* **WORK ORDER**:
The records below are to be copied exactly, with their pictures left out.

/---

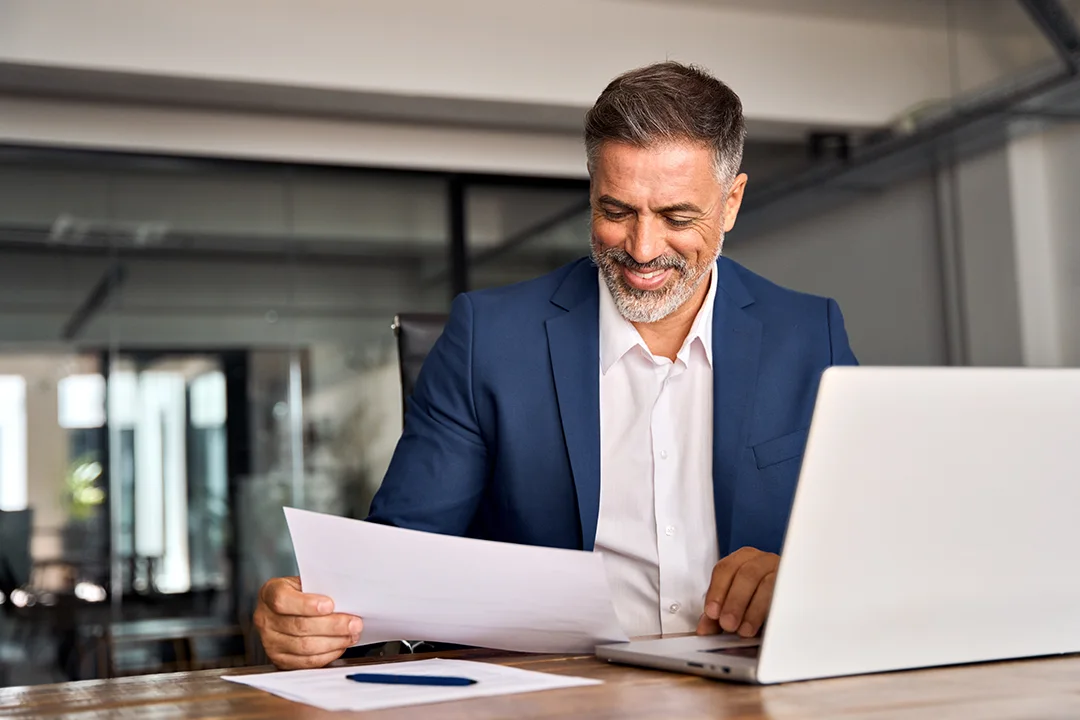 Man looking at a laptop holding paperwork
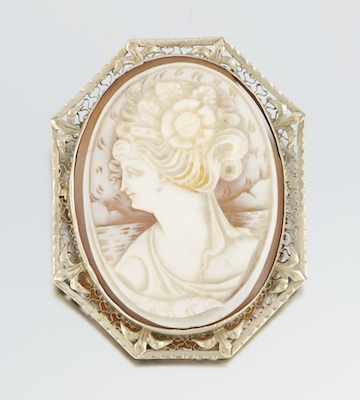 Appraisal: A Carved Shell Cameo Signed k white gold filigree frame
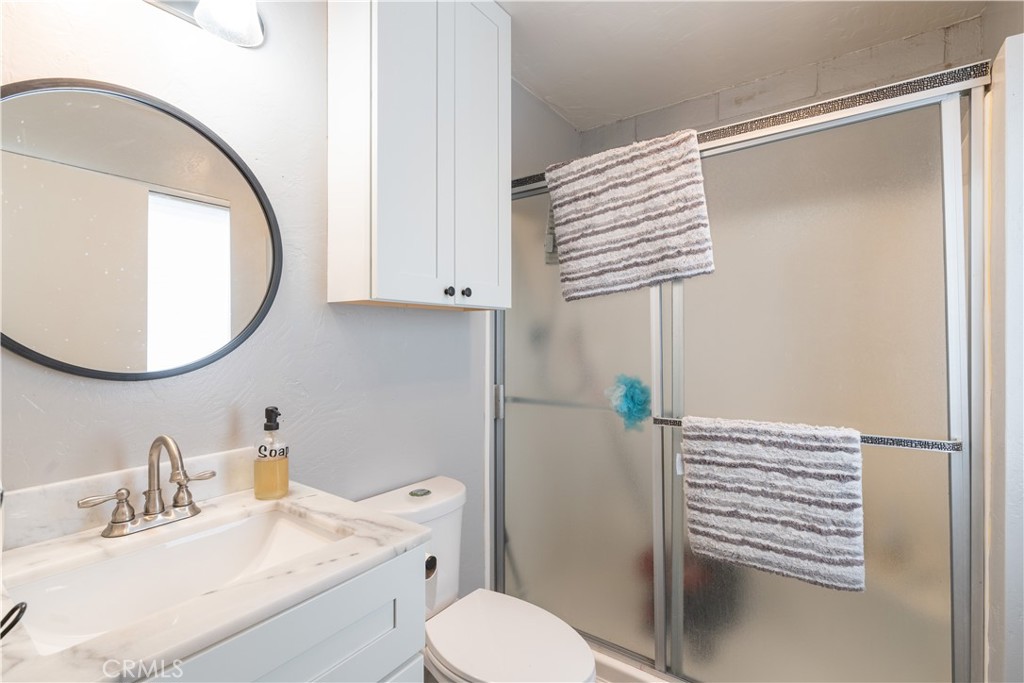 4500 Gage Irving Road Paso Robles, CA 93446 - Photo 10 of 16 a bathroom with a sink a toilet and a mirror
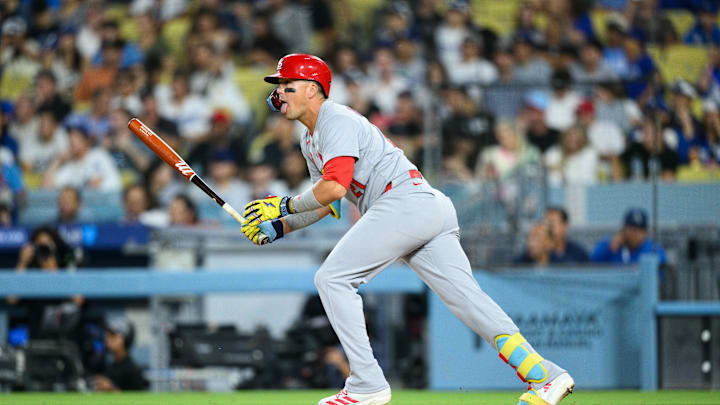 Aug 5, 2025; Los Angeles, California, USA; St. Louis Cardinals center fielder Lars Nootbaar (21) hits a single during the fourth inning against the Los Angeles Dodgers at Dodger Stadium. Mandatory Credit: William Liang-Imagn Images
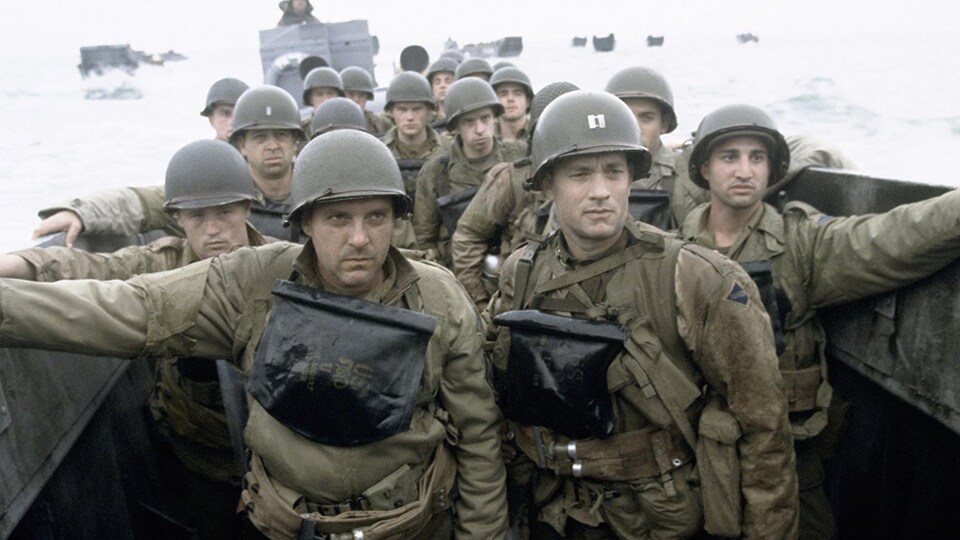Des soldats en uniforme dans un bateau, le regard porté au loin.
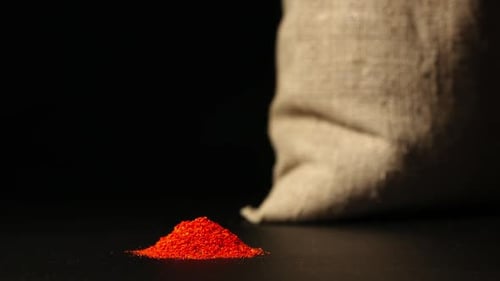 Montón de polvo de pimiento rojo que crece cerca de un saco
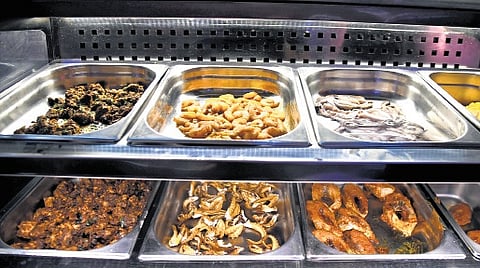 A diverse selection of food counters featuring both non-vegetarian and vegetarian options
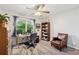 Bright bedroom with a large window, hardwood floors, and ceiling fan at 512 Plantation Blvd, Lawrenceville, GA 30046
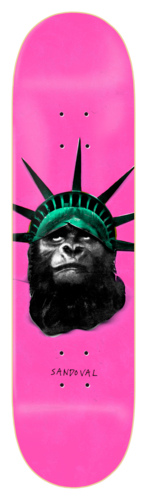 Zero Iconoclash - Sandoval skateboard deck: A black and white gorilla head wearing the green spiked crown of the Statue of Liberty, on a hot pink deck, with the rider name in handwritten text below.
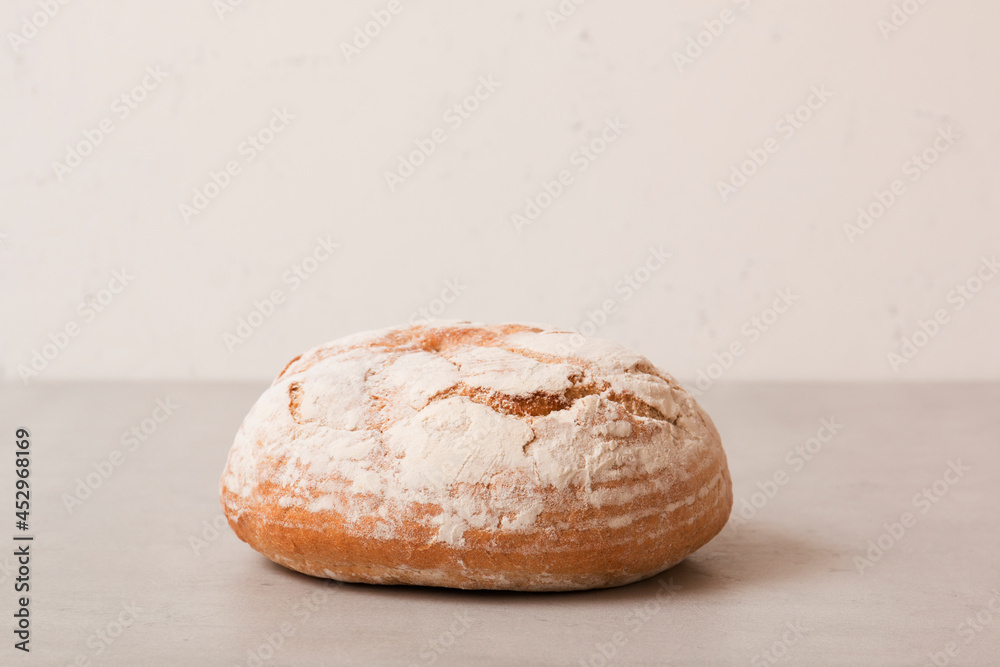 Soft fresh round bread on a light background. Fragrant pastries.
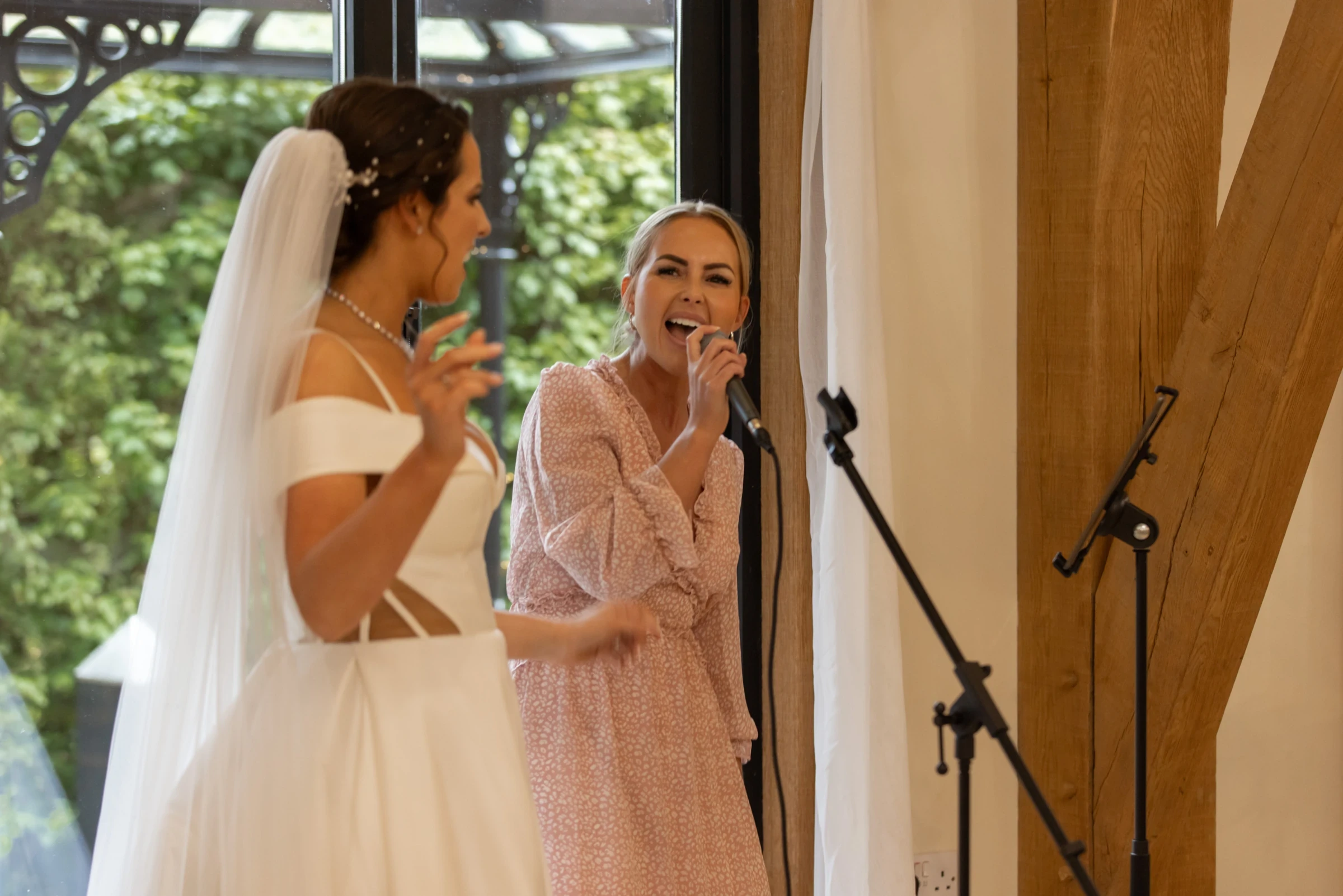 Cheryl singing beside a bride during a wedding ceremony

\---

* **TASK ANSWER**:
 Man looking at a laptop holding paperwork
 Appraisal: A Carved Shell Cameo Signed k white gold filigree frame
 4500 Gage Irving Road Paso Robles, CA 93446 - Photo 10 of 16 a bathroom with a sink a toilet and a mirror
 Aug 5, 2025; Los Angeles, California, USA; St. Louis Cardinals center fielder Lars Nootbaar (21) hits a single during the fourth inning against the Los Angeles Dodgers at Dodger Stadium. Mandatory Credit: William Liang-Imagn Images
Des soldats en uniforme dans un bateau, le regard porté au loin.
 Montón de polvo de pimiento rojo que crece cerca de un saco
 A diverse selection of food counters featuring both non-vegetarian and vegetarian options
 Bright bedroom with a large window, hardwood floors, and ceiling fan at 512 Plantation Blvd, Lawrenceville, GA 30046
 Zero Iconoclash - Sandoval skateboard deck: A black and white gorilla head wearing the green spiked crown of the Statue of Liberty, on a hot pink deck, with the rider name in handwritten text below.
 Soft fresh round bread on a light background. Fragrant pastries.
 Cheryl singing beside a bride during a wedding ceremony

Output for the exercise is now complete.